2021年12月30日木曜日

コンパクトフラッシュ(CF)のピン折れ防止カードリーダ

Compact Flash(以下、"CF"と省略)カードのスロットは、ピン折れの事故が多い。
スロットの遊びが大きく、ずれたり、斜めになったりしながら挿入され、一部のピンが引っかかり、曲がってしまうのだ。
この問題に対する最高の解決策は、CFカードを使わないということだ。

しかしながらどうしても使わなければならない人もいる。
この場合、できる限りまっすぐ挿入されるCFカードリーダを使うべきだ。
というわけで昔から、できるだけ深くしっかり挿さるカードリーダを使ってきた。

しばらく、CFカードを使う機会が無かったので、ずっとUSB 2.0のものを使い続けてきた。
しかし、最近になって、またCFカードを扱わなければならなくなってきた。
最近のCFカードは256GBのものもあり、昔と比べてかなり大容量化が進んだ。
大量のデータを扱うなら、高速なUSB 3.1のものを使うべきだろう。

データ転送速度はカタログに書かれている事も多いが、「ピン折れのしやすさ」はカタログには書かれない。
多少無駄だけど、いくつか良さそうなものを買って、比べてみることにした。
左端は、ELECOM MR-A006BK。

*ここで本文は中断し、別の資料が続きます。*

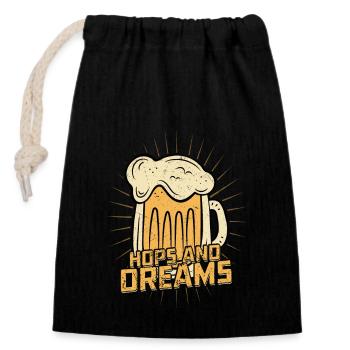 Hops And Dreams Craft Beer Brewer Homebrew - Verschließbarer Geschenkbeutel aus Baumwolle (14x20cm) - Schwarz - Vorne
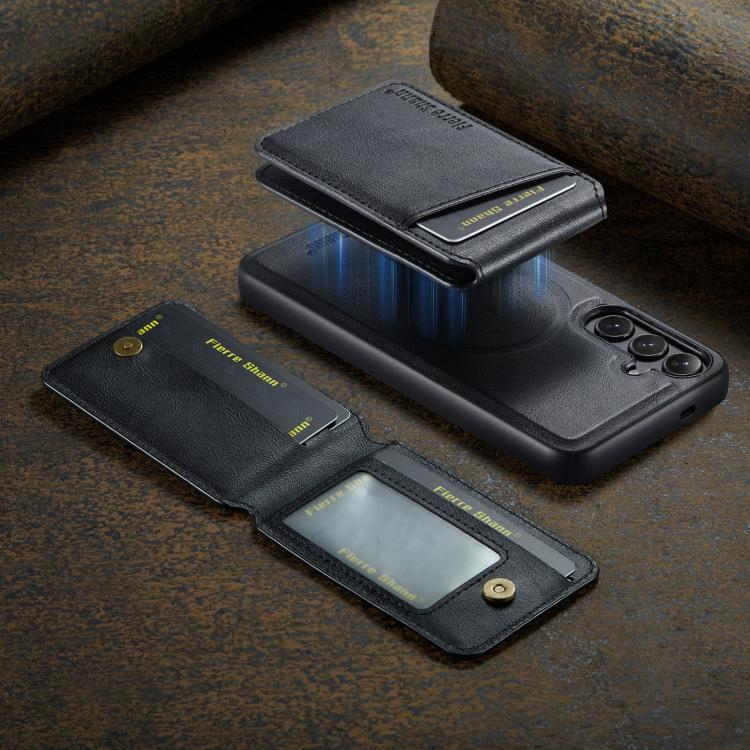 For Samsung Galaxy S24 FE 5G Fierre Shann Cowhide Vertical Flip Magnetic Card Holder Phone Case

以前から使っているUSB 2.0のもの。貼ってあるシールは無視して。
真ん中は、新たに買ったBUFFALO BSCR108U3。
右端は、サンワサプライの ADR-CFU3H。

ELECOMの新しいやつも書いたかったのだが、売り場に無かった。

それぞれのカードの入り具合を見るため、CFカードにマスキングテープを貼って、ボールペンで印を付けていこう。
それにしても、30MBっていつの時代のCFカードだよ。

まずは、BUFFALO。 CF以外にもいろいろなスロットがあるが、同時に使えるのは1つだけ。
CF専用として使うつもりなので、それでも良い。
パッケージのウラ面に、「コンパクトフラッシュのピン折れを防ぐ」と書かれている。

しかし、挿して見るとあまり深くない。
これは多くのカードリーダの中で、浅い部類になる。

次に、サンワサプライ。
蓋がついていてカッチョいいが、CF専用。
BUFFALOよりも深い。
上の写真では、もう一本線がひいてあるが、それはELECOMのものだ。
実は、先にELECOMの方を見ていたので、線が書いてある。

最後にELECOMの古いやつ。
一番深い。
これを買う時も、深いものを選んで買ったのだ。
そのためかなり深い。

新しいものはどれも、これより浅い。
なんだか残念な感じだが、深い事が全てではない。
遊びやガタつきが少なく、安定していることが大事だ。

挿しながら、安定感を見てみた。


なんと、一番浅い BUFFALO BSCR108U3 が一番良かった。
キチキチ過ぎる感じもするが、ピン折れを防止するなら、それくらいじゃないと。
前から使っているのよりも、いい感じがする。

安さや小ささにこだわり過ぎず、安全に使えるものを継続的に作って欲しい。

以下は、なぜいまさらCompactFlashを使っているのかを書いたもの。
わざわざ読まなくても良い。

もう25年ぐらい前、仕事でCFカードにデータを記録する地震観測装置を作った。

20世紀末、リムーバブルメディアといえば、Floppy Diskの独壇場であり、それ以外にはありえない感じだった。
(Floppy Diskに記録するデシカメもあったほどだ)
USB規格は発表されてはいたが、USB I/Fを持つPCがまだ存在していない時代だった。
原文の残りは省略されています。